# DaJuan



## RSP83 (Nov 24, 2002)

to Cavs fans,

Since now you got Lebron James as the foundation of the rebuilding process, what type of role Wagner is going to play for the team. Is he still going to be given the role as a scorer, while Lebron will play Magic Johnson type of role? or "it's all about LeBron"?

Because, I think Wagner is a very exciting young player you guys have. And After Lebron came to town, it seems like all the talks are about Lebron and he's kinda left out. so, can you tell me what's your view on Wagner's future on this team. Because last year, if he's not injured he's suppose to be an All-rookie first teamer and could've shown a lot more

thanks


----------



## MJG (Jun 29, 2003)

I also feel that Wagner is being left out in a lot of people's vision of the Cavs' future. I hear a lot about James, Davis, Miles, and Boozer -- but not so much about Wagner. I too wonder what the Cavs' fans think about his position in the franchise's future.


----------



## Mongolmike (Jun 11, 2002)

*...*

my take on Wagner? He's still got a lot to prove. More so than Z maintaining his health. More so than Ricky showing he is an important cog. More so than Boozer who showed he will be a factor at starting PF.

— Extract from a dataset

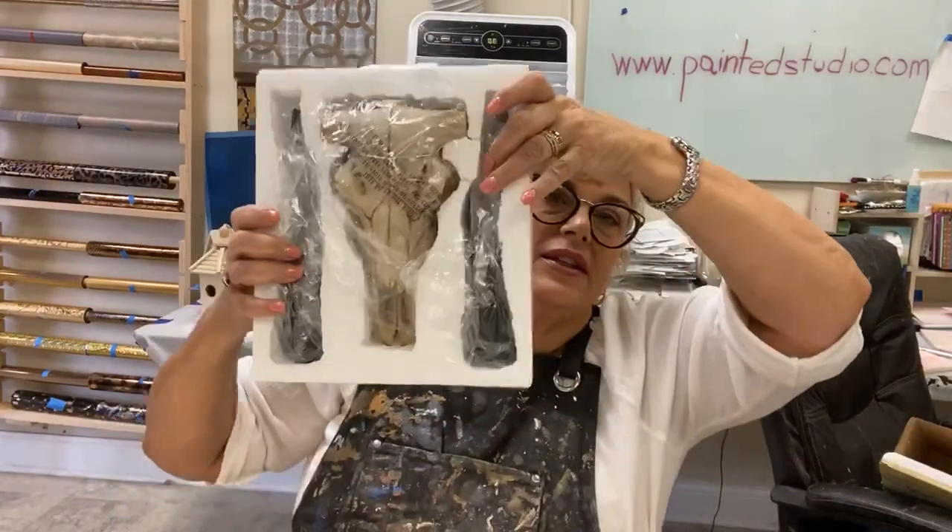We're going to move on to today's projects. First, I'm going to cover the glass bead gel ornaments we were doing — where the successes were and where the failures were. And then we have this cast resin cow skull to play with today.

Wagner got off to the late start with the bladder infection thing, but then tore it up for a few months. But he seemed to quickly either hit the wall, or he was not able to adjust to the way defenders were playing him. Before he got hurt again and sat out the rest of the season, he was not nearly as effective.

He did show he can hit the outside shot. He did show he could take it to the rim IF he could get by his man (and often he could not). He has a nice short pull-up jumper. He did not excel at defense. He has not managed to stay healthy, and has had some knee problems flare-up already in the summer league. He did not look comfortable at PG, nor did he seem to "grow" into the role. He seemed to know to keep his mouth shut when calls went against him.

Soooo, I'd put DaJaun in the same category as someone like Diop. The potential is there, but the production needs to be seen over 70-82 games. Both are good enough to play in the NBA, not sure either is ready to be a starter in the NBA....yet....hopefully sooner rather then later they both will be!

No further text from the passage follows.